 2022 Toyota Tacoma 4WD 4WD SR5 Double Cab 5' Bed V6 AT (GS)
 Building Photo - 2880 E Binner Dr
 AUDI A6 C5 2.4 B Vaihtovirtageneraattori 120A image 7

--

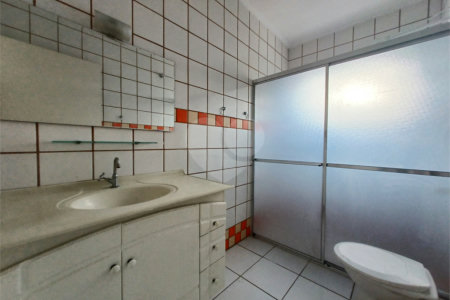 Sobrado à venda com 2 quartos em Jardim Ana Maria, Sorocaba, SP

...

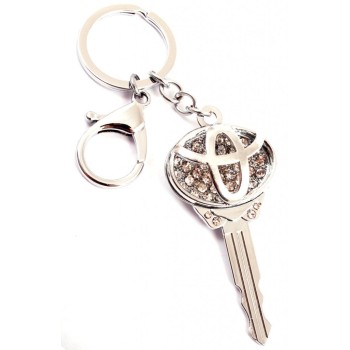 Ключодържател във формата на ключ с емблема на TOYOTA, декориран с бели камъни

## [Exercise brief]
Above are the records. Copy the lines beginning at the one that has "2022 Toyota Tacoma" and ending with the one that has "AUDI A6 C5 2.4", unchanged.

## [Solution below]
 2022 Toyota Tacoma 4WD 4WD SR5 Double Cab 5' Bed V6 AT (GS)
 Building Photo - 2880 E Binner Dr
 AUDI A6 C5 2.4 B Vaihtovirtageneraattori 120A image 7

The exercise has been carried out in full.